El ambiente en el Congreso Pleno, ese 21 de mayo, era tenso y existía temor de que más parlamentarios y dirigentes sindicales se fueran al MAPU. Durante el discurso del Presidente, Andrés tuvo la sensación de que, al menos tres veces, Frei Montalva lo miró directamente, mientras entregaba su mensaje político. “Pensé que podía ser una ilusión, una equivocación, porque yo era un simple parlamentario”, recordaría.

Una vez finalizada la sesión del Senado, era costumbre que los diputados y senadores fueran a La Moneda a saludar y expresar su adhesión al mandatario. Pero él decidió restarse. Se fue, inquieto, a caminar por calle Ahumada, para luego sentarse en un café a meditar. Ahí estuvo, absorto, hasta que se dio cuenta de que si había decidido permanecer en la Democracia Cristiana no podía adoptar una actitud infantil; debía ser consecuente y regresar. Volvió a La Moneda —aún pensativo, triste y ausente—, subió hasta el segundo piso y divisó al Presidente, quien al verlo le dirigió una amistosa mirada y se acercó a saludarlo.

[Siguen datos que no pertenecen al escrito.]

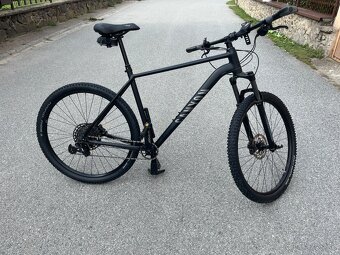 Horský bicykel XL - 2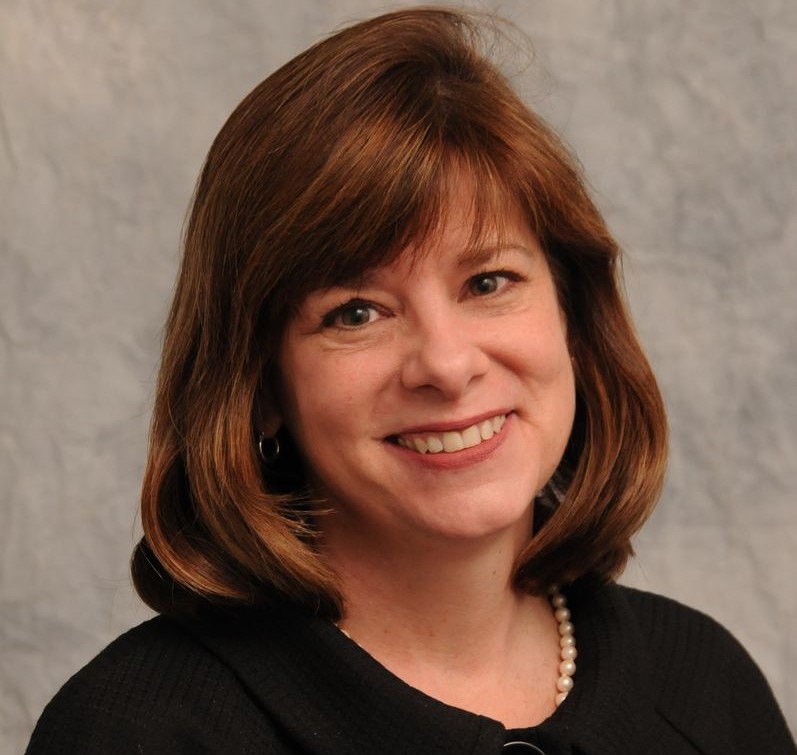 Sandy Markwood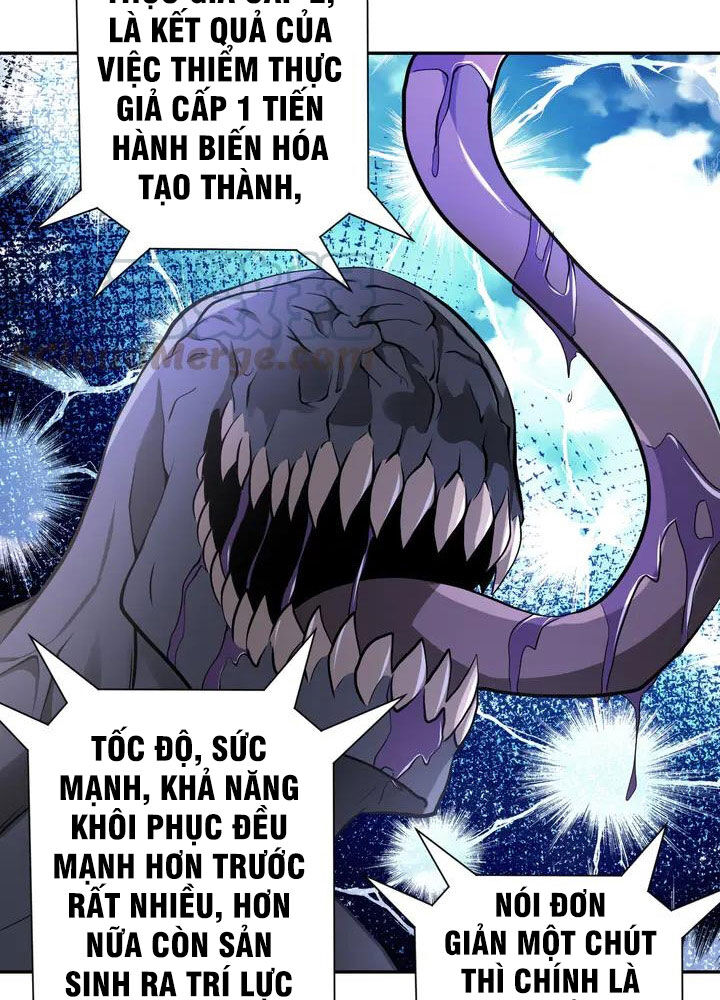 Mạt Thế Siêu Cấp Hệ Thống Chap 111 - Next Chap 112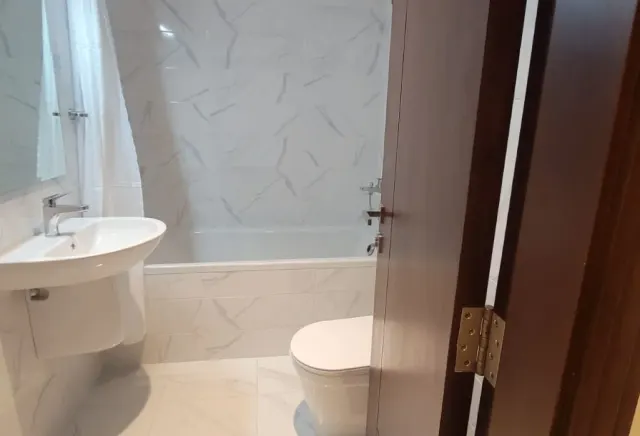 Fully Furnished 2 Bedroom | Giardino Building 89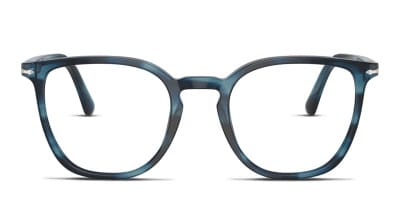 Tom Ford TF5237 Clear Olive/Brown Prescription Eyeglasses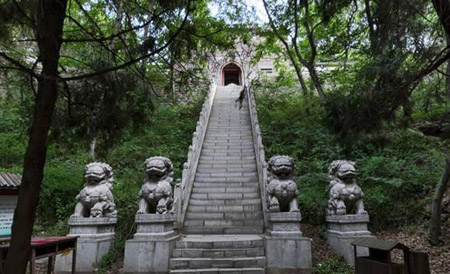 曲阜十大最好玩的景點(diǎn)，曲阜旅游攻略一日游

—Andrés, tu presencia aquí es lo más importante que me ha pasado en este último tiempo —le dijo mientras lo abrazaba fuertemente—. Para mí es muy importante que hayas venido. Y te voy a decir algo más: cuando yo estaba pronunciando el discurso al país, yo varias veces te miré a ti. Te veía preocupado.

***

Durante la presidencia de Allende, el creciente antagonismo entre la Democracia Cristiana y el oficialismo se acentuó aún más tras el asesinato del democratacristiano y ex ministro del Interior Edmundo Pérez Zujovic, a manos del grupo de ultraizquierda Vanguardia Organizada del Pueblo (VOP). Este hecho, que sería interpretado como un regalo para quienes perseguían la caída del Presidente8, fue el preámbulo de los días más negros para el futuro de la democracia.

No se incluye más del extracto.